As a Nepalese girl in search of an internship in a developed country, I went through a lot of learning phases.

I was entangled in the hypothesis that in western countries, the probability of finding an internship by the students from developing countries is fairly small compared to those from developed countries. This was proven at first when I went to internship fares that turned out to mostly target people interested in working in developing countries. I applied to forty organizations as far as Geneva and Vienna and waited for the replies. Months flew by but I did not hear positive news from the organizations that had replied initially. I did reapply and resent my emails to organizations I was really expecting to hear from. I dedicated my entire days to going to library computers and to writing more unsolicited motivation letters. I kept hearing from my foreign friends that they were getting internships in many different places.

Morning did not show the day in my case. After two months, I got replies now and then asking me for skype interviews and time frames.
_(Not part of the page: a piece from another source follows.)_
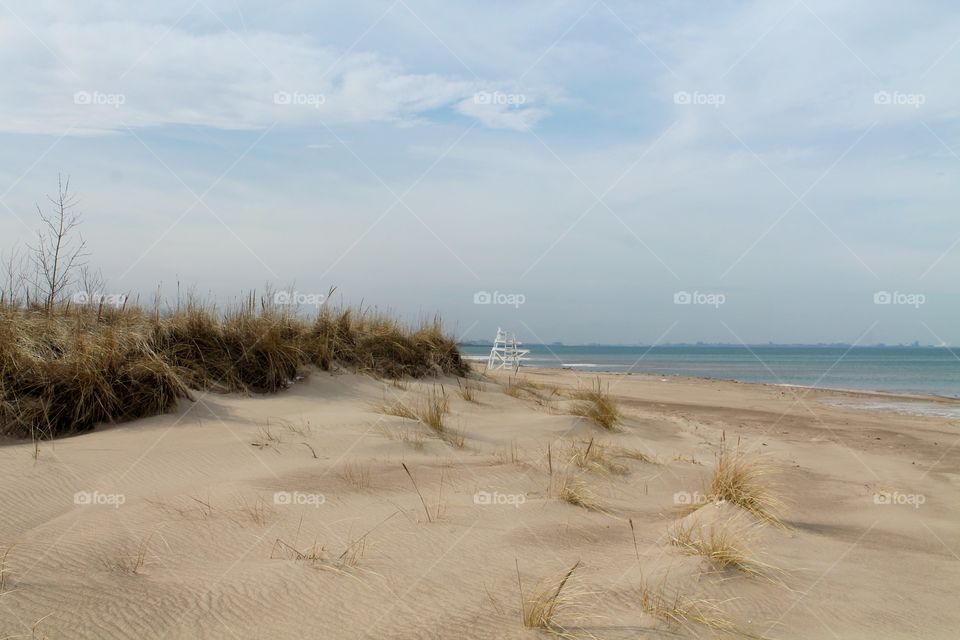 Grassy sand dunes on beach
Sadly, a UN organisation wanted to hire me at a time when I could not go. On the bright side, this was the time when my hypothesis was proved wrong.
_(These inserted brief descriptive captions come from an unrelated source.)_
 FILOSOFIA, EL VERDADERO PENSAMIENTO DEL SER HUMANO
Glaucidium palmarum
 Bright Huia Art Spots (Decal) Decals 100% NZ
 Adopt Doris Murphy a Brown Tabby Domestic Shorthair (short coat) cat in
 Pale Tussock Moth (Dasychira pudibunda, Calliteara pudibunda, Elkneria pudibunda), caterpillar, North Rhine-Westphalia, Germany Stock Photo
I learnt that ‘us’ and ‘them’ did not exist in the system of work in a developed country. Though it is difficult to get such links that really make us a part of western culture, competence is treasured while connections, age, gender are denied. Despite its structured process, it really relieved me as I had to present myself as who I was; I did not have to say whose daughter or niece I was.

Mary studies for her Msc in International Development and is from Nepal.